Self modifying code needs to flush the caches (including branch cache) which negates the advantage of the caches and any speed gains of self modifying code. If you don't like caches, stick to the 68000 until you change your mind :/. Some early 68060.library's may not have flushed all the caches properly, fixed the superscaler bugs in the 68060 properly or may have had bugs in the CPU support code used for trapping. The best ones matured and work fine. Fusion works fine on the 68060 here except for an occasional random crash. The last ShapeShifter was more stable though. That was using the last version of Fusion which I bought in your Fusion/PCx CD bundle. Fusion had some nice features over ShapeShifter like the file transfer and auto screen mode changes from within the Mac but stability is more important. I would still use Fusion if it was more stable and supported more hard drive options which ShapeShifter is better at.

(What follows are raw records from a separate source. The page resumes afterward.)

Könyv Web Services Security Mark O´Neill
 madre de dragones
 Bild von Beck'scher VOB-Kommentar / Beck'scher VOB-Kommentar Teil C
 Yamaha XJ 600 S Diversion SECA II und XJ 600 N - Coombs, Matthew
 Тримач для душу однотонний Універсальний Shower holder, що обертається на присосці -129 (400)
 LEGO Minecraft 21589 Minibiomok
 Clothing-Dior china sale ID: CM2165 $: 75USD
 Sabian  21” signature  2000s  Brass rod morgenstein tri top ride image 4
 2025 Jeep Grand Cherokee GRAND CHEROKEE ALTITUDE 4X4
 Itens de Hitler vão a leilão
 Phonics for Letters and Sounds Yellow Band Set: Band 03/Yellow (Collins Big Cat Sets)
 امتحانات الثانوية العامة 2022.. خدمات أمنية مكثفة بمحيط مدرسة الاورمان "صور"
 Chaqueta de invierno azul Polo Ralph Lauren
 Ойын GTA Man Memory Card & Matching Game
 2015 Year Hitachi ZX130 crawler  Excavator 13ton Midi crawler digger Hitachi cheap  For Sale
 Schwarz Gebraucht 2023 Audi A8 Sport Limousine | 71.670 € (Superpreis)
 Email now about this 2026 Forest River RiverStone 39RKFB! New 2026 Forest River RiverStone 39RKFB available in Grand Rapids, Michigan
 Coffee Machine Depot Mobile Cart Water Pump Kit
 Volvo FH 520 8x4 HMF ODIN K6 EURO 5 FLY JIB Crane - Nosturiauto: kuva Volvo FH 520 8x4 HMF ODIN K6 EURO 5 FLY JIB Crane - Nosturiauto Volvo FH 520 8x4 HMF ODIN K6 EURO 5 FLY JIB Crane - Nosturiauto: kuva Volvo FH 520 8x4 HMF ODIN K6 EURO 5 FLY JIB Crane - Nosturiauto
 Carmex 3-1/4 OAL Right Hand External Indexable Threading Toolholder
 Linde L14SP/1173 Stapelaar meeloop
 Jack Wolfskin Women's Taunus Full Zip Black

The Natami fpga CPU was going to use writethrough caching with snooping and auto flushing of detected dirty cache lines. This is a good option that allows very large caches with excellent compatibility. It would be possible to auto flush a branch cache in the address range of the dirty lines that are detected by snooping also. With the faster memory and larger caches of today, this should give cache performance close to that of the 68060 with better tolerance for self modifying code.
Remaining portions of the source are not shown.